# This may seem backwards but need names to go with a nickname



## bonjo808

I like the nickname C.C. for a girl...but I have no idea what two names (or one name) I could put together so that C.C. would make sense. I don't like the name Cecilia but that's all I can think of.

You guys are great with coming up w/ combinations....any suggestions?


----------



## emmylou92

Cadence
Candice
Cecilly
Clarice


----------



## Mickey1994

Charlotte Claire
Cadence Claire
Courtney Claire
Catherine Claire

Haha, I think Claire is a great middle name.


----------



## MamaGrl

My SIL name is Ciarra and people close to her call her cc


----------



## Maviyildiz

I also think Cecily is a much nicer version of Cecilia. 

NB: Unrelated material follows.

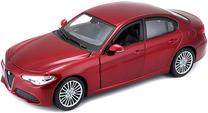  Žaislinis automobilis Bburago Alfa Romeo Giulia 2016, 1:24, raudona sp.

I also like the Slovak version of the name Cilka.


----------



## mazndave

Cecelia, Cecille and Cecily were the first names that sprang to mind, shame you don't like Cecelia!! 

I think Claire is probably a good choice for a middle name, as it's quite simple and you could go for something more unusual for the first name. Cara/Cora would be nice for the same reason.

Cadence
Calleigh
Caitlyn
Carmel
Carmella
Callista
Camille
Chiara
Chloe
Claudia
Clea
Cleo
Cordelia
Cybel

xx


----------



## pandabub

I have a Sienna and she gets called 'Sisi' (pn. C.C). Love it as a nickname. :flower:


----------



## Mummy2B21

C C reminds me of Sissy lol.

Im sorry i cant think of any


----------



## bonjo808

pandabub said:


> I have a Sienna and she gets called 'Sisi' (pn. C.C). Love it as a nickname. :flower:

I was thinking of Sienna but wondered if that would be weird. I kind of like
Sienna Catherine?

and we do have DD who could eventually just end up calling this one Sisi?? (if its a girl)


----------



## feeble

Catlyn 

Catrina


----------



## CloverMouse

Cecilia


----------



## JustLurking

CeCe is commonly a nickname for Cecilia.


----------



## Lisa1981

Do you need 2 names? Couldn't you just use CeCe as her name?


----------



## ProudMummyy

Caitlyn
Carleigh 
Carmen 
Casey (same as Kacey) 
Chantelle 
Charley
Chelsea
Chloe

one's in pink I LOVE!

Good middle names are Claire & Charlotte


----------



## misshopefull

Clara :flower:


----------



## pandabub

Sienna Catherine is lovely.

We've not found it at all weird - perhaps only the spelling (I don't like writing 'Sisi' as it can be taken to mean 'Sissy' so I always clarify by saying 'pn CC' if I am talking to someone who doesn't know my daughter's name!)


----------



## joeybrooks

Cecelia


----------



## TTCBean

Candy Claire


----------



## Cordelia07

i have pondered over calling my little girl Chloe Cordelia so i could use CC as a nickname.


----------



## Lil_Apple

Clementine Cara :flower:


----------



## Enasy

Charlie-Cait
Cameron-Chloe
Ciara-Catherine


----------